TechMeme Leaderboard In Context + New Verticals On The Way

Techmeme’s new popular list product Leaderboard launched today, and the reaction has been interesting. Some are suggesting that it’s not a representative list, others (well Scoble) are suggesting that it is the death of blogs.

First the big news: more Meme Leaderboard products are on the way, with Leaderboards to be launched for Gabe Rivera’s other sites Memeorandum, WeSmirch and Ballbug. Like the Techmeme Leaderboard these lists will focus on the popular blogs in each respective area; politics, celebrities and baseball in that order. There are no plans as yet to launch a combined list, although Gabe liked the idea when I suggested it to him. The new Leaderboard sites will be launched over the next week.

In noting the new Leaderboard sites, it highlights the very nature of the product: these are popular lists based on verticals, not an all-up list such as the Technorati Top 100. In one respect they are not direct competitors, yet the continued decline of Technorati has left an opening for competing popular lists, and in this regard the Leaderboard products have their place.

As vertical lists they are by their very nature unrepresentative of the entire blogosphere because they only track a particular vertical, and I don’t think there is anything wrong with that. The cliques in blogging have been long established, and at the end of the day many will find personal interest in reading a list of the top 100 blogs in their own favorite vertical. Where as I might prefer a tech lists, others might prefer politics or celebrities; choice in this example is a good thing.

leaderboard.jpgThe argument that the list (by Scoble) is representative of the death of blogging couldn’t be any further from the truth. As the graph shows, 64% of the list is held by blogs. When we look at the non-blogs, it gets greyer, because many of the online publications (13%) and mainstream media sites (17%) either have blogs or are using blog like features such as comments.

Scoble’s argument that most of the 64% that are blogs aren’t real blogs as they are written by more than one person is perhaps one of the weirdest propositions I’ve heard this year. I’ll accept that a blog is only a blog if it has comments (which they should) but since when did a blog stop becoming a blog because there are multiple bloggers? If anything, the strength of multiple author blogs demonstrates the growing maturity of the blogosphere, in that to be at the top, leading blogs have adopted to the 24/7 news cycle by bringing in additional bloggers to cover breaking events, and to provider a richer, and perhaps more comprehensive coverage of news events.

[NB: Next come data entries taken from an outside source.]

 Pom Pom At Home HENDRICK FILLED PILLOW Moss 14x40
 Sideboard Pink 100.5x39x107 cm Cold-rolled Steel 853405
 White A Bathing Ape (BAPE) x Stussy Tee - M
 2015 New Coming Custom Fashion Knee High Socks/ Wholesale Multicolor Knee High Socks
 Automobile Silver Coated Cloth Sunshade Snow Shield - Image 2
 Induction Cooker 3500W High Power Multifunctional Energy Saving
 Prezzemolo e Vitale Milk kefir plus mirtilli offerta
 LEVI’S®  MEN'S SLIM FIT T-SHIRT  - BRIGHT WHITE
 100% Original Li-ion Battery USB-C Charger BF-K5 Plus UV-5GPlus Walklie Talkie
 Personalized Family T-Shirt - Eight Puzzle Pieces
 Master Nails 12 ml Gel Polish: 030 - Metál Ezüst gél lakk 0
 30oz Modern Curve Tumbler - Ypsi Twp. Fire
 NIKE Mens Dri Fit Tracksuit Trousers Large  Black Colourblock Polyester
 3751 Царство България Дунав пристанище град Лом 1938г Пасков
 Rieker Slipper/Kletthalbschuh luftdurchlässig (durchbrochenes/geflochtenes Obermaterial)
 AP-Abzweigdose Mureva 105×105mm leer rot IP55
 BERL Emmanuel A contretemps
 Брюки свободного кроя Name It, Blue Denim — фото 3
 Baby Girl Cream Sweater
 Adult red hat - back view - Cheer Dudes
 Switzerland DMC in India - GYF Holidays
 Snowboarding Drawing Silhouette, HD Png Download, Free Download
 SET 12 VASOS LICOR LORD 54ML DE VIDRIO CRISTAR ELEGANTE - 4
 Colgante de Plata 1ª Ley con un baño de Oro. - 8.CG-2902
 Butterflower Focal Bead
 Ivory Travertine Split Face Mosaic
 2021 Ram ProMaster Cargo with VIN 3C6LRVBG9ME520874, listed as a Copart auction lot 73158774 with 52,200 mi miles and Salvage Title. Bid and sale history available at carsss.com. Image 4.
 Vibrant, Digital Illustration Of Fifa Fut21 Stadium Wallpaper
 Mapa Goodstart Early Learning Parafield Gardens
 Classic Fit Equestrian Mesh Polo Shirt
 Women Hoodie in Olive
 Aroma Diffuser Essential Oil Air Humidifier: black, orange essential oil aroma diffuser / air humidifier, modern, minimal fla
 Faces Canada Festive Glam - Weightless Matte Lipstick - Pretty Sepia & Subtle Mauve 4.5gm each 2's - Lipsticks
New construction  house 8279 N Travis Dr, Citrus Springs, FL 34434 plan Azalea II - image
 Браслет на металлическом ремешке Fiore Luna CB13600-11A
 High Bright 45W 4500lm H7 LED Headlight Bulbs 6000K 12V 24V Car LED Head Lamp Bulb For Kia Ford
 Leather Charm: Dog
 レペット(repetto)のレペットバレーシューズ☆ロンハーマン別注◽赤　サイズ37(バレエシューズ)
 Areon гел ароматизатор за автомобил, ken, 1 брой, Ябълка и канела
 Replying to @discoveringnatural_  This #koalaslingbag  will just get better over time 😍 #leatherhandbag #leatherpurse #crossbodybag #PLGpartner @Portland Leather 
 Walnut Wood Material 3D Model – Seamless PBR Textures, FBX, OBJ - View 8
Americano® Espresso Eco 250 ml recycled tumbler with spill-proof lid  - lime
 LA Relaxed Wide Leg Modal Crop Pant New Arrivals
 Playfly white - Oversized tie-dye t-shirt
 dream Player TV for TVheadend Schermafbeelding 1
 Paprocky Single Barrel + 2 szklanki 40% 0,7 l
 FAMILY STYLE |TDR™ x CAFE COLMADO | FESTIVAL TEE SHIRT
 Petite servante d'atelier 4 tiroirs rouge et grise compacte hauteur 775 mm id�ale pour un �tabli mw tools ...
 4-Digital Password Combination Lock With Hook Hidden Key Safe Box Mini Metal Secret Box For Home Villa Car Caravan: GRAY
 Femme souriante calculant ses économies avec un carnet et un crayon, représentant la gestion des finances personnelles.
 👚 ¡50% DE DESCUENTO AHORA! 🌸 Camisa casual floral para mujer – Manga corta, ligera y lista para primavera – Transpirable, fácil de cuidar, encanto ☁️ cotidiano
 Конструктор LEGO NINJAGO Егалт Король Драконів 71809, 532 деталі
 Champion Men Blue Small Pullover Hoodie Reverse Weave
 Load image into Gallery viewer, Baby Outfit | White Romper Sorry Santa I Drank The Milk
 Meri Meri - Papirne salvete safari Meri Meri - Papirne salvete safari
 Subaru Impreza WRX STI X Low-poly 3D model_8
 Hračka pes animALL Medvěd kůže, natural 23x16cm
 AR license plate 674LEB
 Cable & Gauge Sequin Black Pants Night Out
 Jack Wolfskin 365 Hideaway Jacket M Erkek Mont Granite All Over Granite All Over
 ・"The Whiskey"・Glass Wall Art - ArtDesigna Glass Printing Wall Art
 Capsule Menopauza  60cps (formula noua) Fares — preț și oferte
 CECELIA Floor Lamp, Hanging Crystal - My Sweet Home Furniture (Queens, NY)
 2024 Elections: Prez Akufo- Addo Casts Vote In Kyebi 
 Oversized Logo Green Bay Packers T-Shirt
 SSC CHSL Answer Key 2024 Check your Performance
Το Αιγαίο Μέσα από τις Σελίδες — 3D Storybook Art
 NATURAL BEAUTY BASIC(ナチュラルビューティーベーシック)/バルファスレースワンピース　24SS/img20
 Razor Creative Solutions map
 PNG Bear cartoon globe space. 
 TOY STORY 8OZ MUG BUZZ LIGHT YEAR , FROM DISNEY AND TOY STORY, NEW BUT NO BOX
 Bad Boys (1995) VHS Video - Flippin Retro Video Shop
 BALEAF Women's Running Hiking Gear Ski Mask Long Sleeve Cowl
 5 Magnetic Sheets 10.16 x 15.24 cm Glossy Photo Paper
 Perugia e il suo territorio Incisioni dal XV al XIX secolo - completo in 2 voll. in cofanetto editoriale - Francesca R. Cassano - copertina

This is not to take away from single-author blogs at all; I was at a conference last week where a Professor told the audience that group blogs are the future of blogging and I publicly disagreed: single-author blogs are and will always remain the bread and butter of the blogosphere, however expecting that single author blogs will dominate links and traffic is akin to running a Mini into a B-Triple Truck: the truck will nearly always win.

Note: The Techmeme Leaderboard Distribution graph is based on Dave Winers list here. Given the updating nature of the product the distribution will constantly change over time.